Short web captions
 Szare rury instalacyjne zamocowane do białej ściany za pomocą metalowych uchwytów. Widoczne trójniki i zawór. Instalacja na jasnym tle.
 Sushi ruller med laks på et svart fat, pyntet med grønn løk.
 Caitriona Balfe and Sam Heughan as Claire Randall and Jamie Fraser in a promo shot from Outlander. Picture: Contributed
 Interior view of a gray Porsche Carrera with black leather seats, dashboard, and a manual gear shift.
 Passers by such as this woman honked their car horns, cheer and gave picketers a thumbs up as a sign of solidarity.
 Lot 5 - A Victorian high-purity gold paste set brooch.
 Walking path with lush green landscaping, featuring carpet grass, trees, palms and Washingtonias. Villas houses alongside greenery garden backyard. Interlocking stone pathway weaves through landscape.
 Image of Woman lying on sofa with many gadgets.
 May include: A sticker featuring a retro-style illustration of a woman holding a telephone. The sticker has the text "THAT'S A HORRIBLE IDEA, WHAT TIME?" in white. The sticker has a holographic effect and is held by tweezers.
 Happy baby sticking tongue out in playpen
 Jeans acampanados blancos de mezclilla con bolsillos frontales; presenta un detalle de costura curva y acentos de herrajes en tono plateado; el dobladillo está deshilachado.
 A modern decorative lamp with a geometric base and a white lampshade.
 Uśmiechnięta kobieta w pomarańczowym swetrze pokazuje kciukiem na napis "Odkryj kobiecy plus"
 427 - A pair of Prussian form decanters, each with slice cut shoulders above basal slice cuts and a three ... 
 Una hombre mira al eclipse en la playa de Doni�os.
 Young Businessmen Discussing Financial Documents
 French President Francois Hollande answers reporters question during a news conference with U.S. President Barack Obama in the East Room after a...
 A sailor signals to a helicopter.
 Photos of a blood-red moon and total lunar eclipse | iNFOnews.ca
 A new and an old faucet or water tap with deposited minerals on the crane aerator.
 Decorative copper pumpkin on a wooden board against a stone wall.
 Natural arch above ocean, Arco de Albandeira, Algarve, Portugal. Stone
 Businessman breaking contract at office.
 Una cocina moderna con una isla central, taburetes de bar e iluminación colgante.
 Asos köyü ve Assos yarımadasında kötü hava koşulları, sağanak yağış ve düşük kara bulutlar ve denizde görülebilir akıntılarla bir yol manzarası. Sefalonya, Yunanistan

_Exercise aim:_ Nothing but the lines above from the one containing "Young Businessmen Discussing" through the one containing "Photos of a" should appear in the answer, each repeated exactly.

_Final answer:_
 Young Businessmen Discussing Financial Documents
 French President Francois Hollande answers reporters question during a news conference with U.S. President Barack Obama in the East Room after a...
 A sailor signals to a helicopter.
 Photos of a blood-red moon and total lunar eclipse | iNFOnews.ca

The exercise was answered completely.